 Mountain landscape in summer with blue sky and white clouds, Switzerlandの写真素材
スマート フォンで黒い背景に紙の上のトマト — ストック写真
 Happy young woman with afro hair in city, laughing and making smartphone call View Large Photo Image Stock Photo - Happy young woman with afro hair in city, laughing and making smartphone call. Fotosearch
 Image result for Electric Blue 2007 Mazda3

* * * *

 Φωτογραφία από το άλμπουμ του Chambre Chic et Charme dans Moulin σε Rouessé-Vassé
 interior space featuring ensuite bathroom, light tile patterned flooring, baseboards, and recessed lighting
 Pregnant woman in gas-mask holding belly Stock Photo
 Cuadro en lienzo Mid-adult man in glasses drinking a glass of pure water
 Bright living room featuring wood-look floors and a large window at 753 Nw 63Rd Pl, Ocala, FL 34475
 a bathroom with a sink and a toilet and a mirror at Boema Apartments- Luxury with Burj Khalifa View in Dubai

* * * *

- _YOUR OBJECTIVE_: Only lines that contain "Stock" are needed, so copy each of them from the data.

- _TASK ANSWER_:
 Happy young woman with afro hair in city, laughing and making smartphone call View Large Photo Image Stock Photo - Happy young woman with afro hair in city, laughing and making smartphone call. Fotosearch
 Pregnant woman in gas-mask holding belly Stock Photo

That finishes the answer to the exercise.